A landmark house in Manhattan preserved as a museum to New York’s 19th-century history has revealed an even more intriguing secret: its previously unknown status as a refuge for people who escaped slavery before and during the civil war.
The Merchant’s House Museum’s link to the Underground Railroad, a network of abolitionists who secured the safe passage of enslaved people to freedom, was discovered when archaeologists looked beneath the drawers of a built-in dresser in the wall of a hallway leading to bedrooms on the building’s second floor.
They found a small rectangular opening cut into the floorboards, an enclosed space about 2ft by 2ft, and a ladder leading to the ground floor.
Experts told NY1, which first reported the find, that it was an indication that the house, in Manhattan’s residential NoHo (north of Houston) neighborhood, was probably used as a “safe house” for enslaved people who had fled bondage in the south. They said the space and ladder would have provided an emergency hideout and quick escape.
In the run up to the civil war, gangs of slave hunters, assisted by sympathetic local residents and law enforcement, would seek bounties for capturing people who fled their enslavers authorized by the Fugitive Slave Act of 1850.
“We knew it was here, but didn’t really know what we were looking at,” Camille Czerkowicz, the museum’s curator, told the outlet.
Michael Hiller, a preservation attorney and professor at Pratt Institute, said it was the most remarkable discovery he had seen in more than 30 years. “This is a generational find. This is the most significant find in historic preservation in my career, and it’s very important that we preserve this,” he said.
Merchant’s House was built in 1832 by a tradesman called Joseph Brewster, and sold three years later to the Tredwell family, who lived there for a century until it became a museum after it was sold at auction.
Architectural historian Patrick Ciccone said the space would have been installed by Brewster, whom he said was almost certainly an abolitionist, and the extent to which the Tredwells were aware of it, or used it, was unclear.
“Being an abolitionist was incredibly rare among white New Yorkers, especially wealthy white New Yorkers,” he said. “[Brewster] was the builder of the house, and he was able to make these choices and design it.”
The building was recognized as a National Historic Landmark in 1966, a year after it became the first building designated in the borough of Manhattan under the Landmarks Preservation law. It was listed on the National Register of Historic Places in 1977.

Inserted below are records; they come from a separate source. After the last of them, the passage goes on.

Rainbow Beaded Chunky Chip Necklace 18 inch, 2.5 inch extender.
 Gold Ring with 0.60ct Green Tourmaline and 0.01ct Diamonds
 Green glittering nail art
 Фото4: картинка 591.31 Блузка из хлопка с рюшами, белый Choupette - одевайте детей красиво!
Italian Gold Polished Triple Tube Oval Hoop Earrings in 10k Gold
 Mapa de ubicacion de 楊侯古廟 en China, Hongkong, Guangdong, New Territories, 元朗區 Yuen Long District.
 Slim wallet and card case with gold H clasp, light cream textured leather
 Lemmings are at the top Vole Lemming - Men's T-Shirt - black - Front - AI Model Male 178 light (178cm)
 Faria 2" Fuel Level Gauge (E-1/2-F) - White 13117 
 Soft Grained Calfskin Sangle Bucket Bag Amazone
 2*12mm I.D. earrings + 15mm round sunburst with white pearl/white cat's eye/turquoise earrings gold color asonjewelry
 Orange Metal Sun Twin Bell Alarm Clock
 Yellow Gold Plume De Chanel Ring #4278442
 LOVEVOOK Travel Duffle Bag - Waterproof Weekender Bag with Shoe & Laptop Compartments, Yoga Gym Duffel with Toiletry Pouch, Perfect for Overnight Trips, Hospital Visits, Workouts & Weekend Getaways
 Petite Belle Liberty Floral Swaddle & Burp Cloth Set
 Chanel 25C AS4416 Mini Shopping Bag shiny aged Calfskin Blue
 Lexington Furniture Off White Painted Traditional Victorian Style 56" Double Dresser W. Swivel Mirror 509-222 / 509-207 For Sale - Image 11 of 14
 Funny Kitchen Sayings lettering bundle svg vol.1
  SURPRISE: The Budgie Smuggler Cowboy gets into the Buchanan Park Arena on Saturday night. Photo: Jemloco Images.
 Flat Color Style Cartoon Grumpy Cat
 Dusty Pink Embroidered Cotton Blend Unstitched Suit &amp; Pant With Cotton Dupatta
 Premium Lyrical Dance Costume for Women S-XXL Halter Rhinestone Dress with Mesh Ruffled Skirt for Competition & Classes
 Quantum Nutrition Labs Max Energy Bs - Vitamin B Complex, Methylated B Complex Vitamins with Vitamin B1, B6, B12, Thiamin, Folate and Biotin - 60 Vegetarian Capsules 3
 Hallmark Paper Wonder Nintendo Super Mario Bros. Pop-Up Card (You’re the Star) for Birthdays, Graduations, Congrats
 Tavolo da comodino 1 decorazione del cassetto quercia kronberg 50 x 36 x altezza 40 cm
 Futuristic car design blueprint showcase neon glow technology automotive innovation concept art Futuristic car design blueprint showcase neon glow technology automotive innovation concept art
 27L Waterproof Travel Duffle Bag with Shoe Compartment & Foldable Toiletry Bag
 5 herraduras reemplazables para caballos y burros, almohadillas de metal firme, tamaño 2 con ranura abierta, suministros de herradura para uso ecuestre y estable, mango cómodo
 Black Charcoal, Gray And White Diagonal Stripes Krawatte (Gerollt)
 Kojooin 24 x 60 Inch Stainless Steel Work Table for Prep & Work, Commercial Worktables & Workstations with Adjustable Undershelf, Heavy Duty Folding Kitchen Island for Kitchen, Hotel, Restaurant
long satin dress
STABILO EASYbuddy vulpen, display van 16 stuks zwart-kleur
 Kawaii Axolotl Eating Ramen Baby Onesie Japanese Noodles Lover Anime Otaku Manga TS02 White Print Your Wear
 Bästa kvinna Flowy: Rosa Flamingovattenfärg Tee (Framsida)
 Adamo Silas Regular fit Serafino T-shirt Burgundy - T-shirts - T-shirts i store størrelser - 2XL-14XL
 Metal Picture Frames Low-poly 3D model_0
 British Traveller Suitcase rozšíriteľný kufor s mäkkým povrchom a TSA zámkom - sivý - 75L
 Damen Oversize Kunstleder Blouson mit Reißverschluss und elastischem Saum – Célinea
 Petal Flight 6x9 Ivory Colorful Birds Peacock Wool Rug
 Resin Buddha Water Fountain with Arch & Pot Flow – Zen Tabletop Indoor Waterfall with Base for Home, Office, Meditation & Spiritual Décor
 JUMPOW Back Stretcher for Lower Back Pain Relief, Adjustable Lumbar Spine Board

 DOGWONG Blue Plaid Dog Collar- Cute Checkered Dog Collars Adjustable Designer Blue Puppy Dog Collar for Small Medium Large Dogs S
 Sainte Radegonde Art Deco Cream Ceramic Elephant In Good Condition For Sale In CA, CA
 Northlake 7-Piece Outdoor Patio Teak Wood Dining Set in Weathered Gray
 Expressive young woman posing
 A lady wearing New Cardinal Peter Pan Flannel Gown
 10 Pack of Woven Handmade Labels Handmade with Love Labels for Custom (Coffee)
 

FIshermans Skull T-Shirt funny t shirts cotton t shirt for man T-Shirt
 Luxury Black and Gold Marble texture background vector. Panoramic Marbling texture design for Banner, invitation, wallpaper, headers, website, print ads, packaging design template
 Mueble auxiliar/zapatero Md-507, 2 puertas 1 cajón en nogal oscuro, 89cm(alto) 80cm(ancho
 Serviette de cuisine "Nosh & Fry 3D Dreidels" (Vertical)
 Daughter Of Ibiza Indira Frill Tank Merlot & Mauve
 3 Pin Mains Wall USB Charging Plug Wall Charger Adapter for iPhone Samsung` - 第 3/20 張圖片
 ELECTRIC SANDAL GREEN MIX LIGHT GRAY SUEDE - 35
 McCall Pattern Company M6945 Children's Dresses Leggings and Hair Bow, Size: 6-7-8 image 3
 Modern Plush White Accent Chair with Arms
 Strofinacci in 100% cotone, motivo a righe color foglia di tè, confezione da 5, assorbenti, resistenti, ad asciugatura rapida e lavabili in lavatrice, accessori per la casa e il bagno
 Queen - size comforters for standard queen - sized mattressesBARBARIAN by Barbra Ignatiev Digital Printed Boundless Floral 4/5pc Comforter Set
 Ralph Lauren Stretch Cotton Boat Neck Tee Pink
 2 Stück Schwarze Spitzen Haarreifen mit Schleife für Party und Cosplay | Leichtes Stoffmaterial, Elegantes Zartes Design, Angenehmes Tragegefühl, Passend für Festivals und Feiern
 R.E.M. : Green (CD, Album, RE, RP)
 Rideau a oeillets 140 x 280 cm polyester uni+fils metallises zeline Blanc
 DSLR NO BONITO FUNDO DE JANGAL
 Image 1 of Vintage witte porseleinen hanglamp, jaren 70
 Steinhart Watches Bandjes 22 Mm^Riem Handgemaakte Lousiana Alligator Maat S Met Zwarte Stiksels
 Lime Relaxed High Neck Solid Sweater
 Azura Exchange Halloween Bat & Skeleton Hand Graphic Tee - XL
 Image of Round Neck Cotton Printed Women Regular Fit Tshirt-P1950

More recently, it has suffered financial difficulties and faced a fight for its survival, not least from city-approved development plans for an eight-storey building on an adjacent vacant lot.
Christopher Marte, a New York councilman, said the building represented a crucial part of the city’s history.
“Many New Yorkers forget that we were part of the abolitionist movement, but this is physical evidence of what happened in the south [during] the civil war, and what’s happening today,” he told NY1.